The event served as the announcement of a Regional Kava Strategy launch, that will take place in July. Strategy development is being led by the Pacific Islands Forum Secretariat, and includes plans to organise kava strategic working group meetings that will be followed by regional socialization.
Eighth Regional Meeting of the Heads of Agriculture and Forestry Services
Toward the end of the week, the EU affirmed its commitment to support the region’s fight against climate change and to promote sustainable food systems through a presentation by EU Programme Manager Mr. Alejandro Matos-Lopez at the regional meeting of Pacific Heads of Agriculture and Forestry Services.
“Agriculture represents one of the main sources of employment and livelihoods in the Pacific region, especially in rural and more vulnerable areas,” said Matos-Lopez. “Moreover, Pacific Island Countries and Territories live on the frontline of climate change and have described it as the single greatest existential threat facing the Blue Pacific”.
He said increased natural disasters would significantly impact Pacific ecosystems, water resources, agriculture and fisheries.
The EU presence at PWAF 2023 highlighted three areas of support for the Pacific.
The EU provides budget support for vital Pacific based programmes through the the Governments of Fiji, Vanuatu, and later in 2023 Tuvalu, to implement their agriculture policies and promote climate-smart agriculture practices and sustainable food systems.
The EU also promotes Pacific agri-trade, the strengthening Sanitary and Phytosanitary measures, and conservation of local ecosystems in partnership with regional and UN agencies.

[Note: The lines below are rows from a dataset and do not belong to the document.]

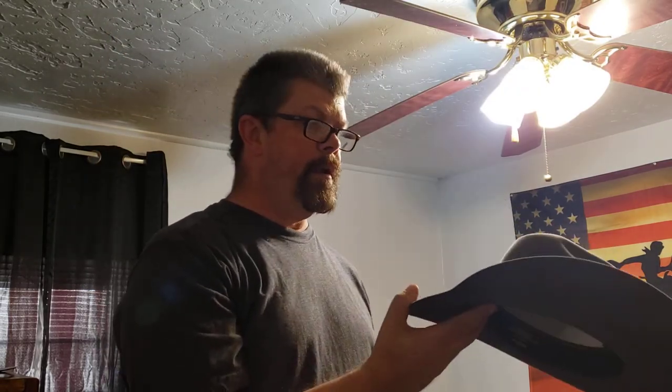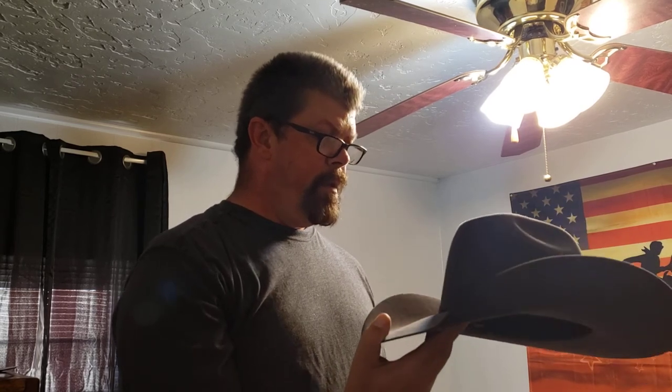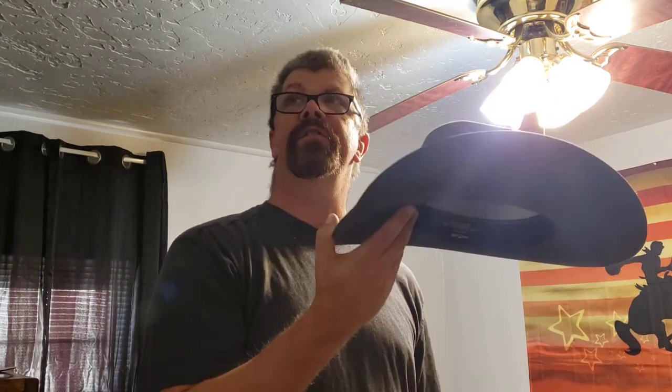It's heavy, it's a beaver fur blend, and it's an awesome hat — very smooth.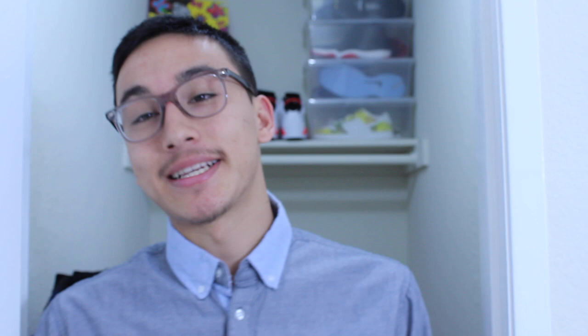Anyways guys, that pretty much completes the review of the Nike SB Jordan 1 Lance Mountain Mismatch Pairs. If you wanted your pair and didn't get it, I really feel bad for you — this is just one of those sneakers that ten years from now is going to be one of the most sought after. I'm sorry if you didn't get your pair, but if you did, shout out to you. Anyways guys, I hope you like this video. I'll see you guys in the next one. Peace!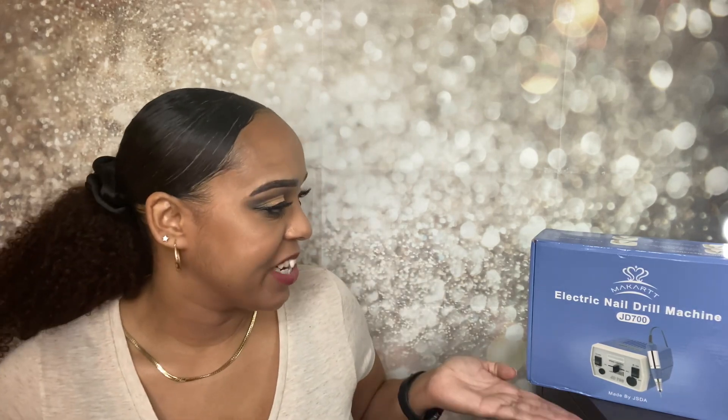Hey guys, I'm Jackie and welcome back to Jackie Naturals. I hope y'all are having an awesome day. If you haven't noticed by the title of this video, we are doing something a little bit different — we are reviewing this electric drill for your nails. I did start doing my nails at home with everything going on with COVID-19, so I thought it was time to invest in a good drill. I did some research and found this one on Amazon — I will link it down below if you are interested. I am an Amazon affiliate so I do make a little commission if you use it.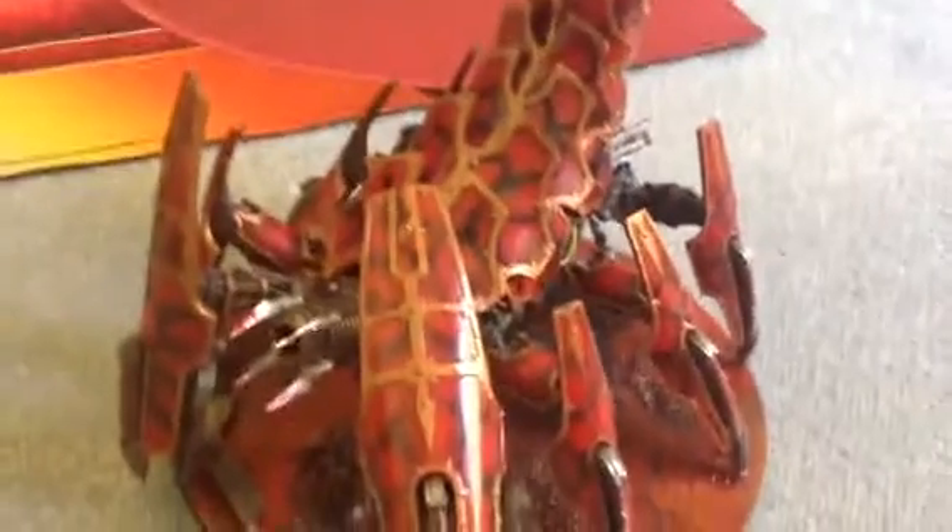Now onto the Great Brass Scorpion. This is absolutely massive. There's my hand to give you a sense of the scale.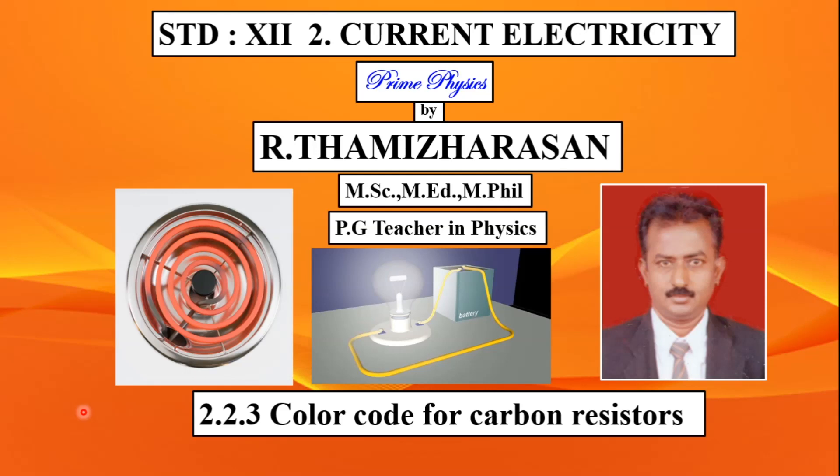My dear students, I am Thamirassan here. In the 12th Standard Physics, Current Electricity, Second Lesson, we will look at carbon resistors and their color codes.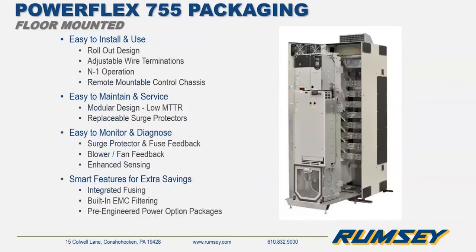Frame size 8 and larger drives are a rollout design. These drives were designed for ease of installation and maintenance — the power structure racks out from the drive giving access to the bus behind it for wiring and easy access to power components. They also have added monitoring and troubleshooting features which provide status information for fuse status and other components.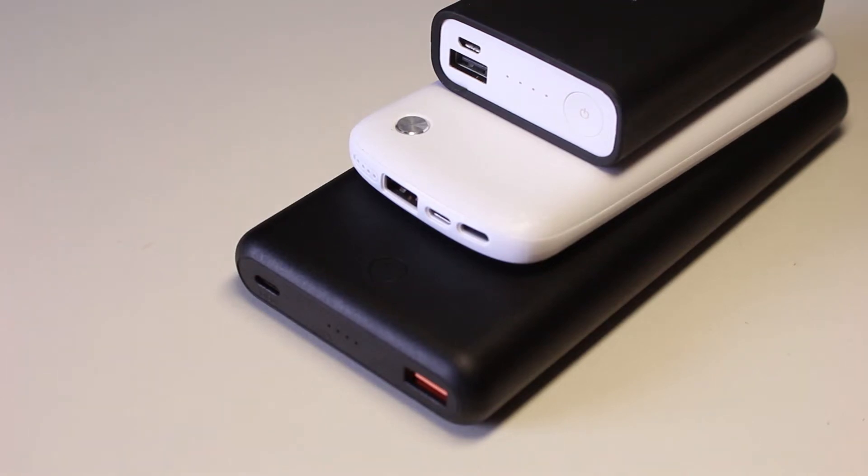Choosing a power bank has been a difficult task as there are so many options available in the market. From affordable options to premium options, from single port to multiple ports, from 10W charging to USB-C power delivery fast charging. So many aspects to consider before you can make up your mind, and new power banks with more features keep coming out.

Finally, the EU provides direct support to farmers and farmer organisations through programmes with civil society organisations that follow an inclusive approach by promoting the role of women and youth in agriculture, organic agriculture and agroforestry systems.
During the week, PWAF participants, including Pacific government representatives and Ministers, found SAFE Pacific awareness materials and information at the SPC booth.
SAFE Pacific is part of the larger EU-funded ‘Pacific Regional Integration Support’ (PRISE) programme implemented in 15 Pacific ACP (African, Caribbean, Pacific) States: the Cook Islands, Federated States of Micronesia, Fiji, Kiribati, Nauru, Niue, Palau, Papua New Guinea, Republic of Marshall Islands, Samoa, Solomon Islands, Timor Leste, Tonga, Tuvalu and Vanuatu.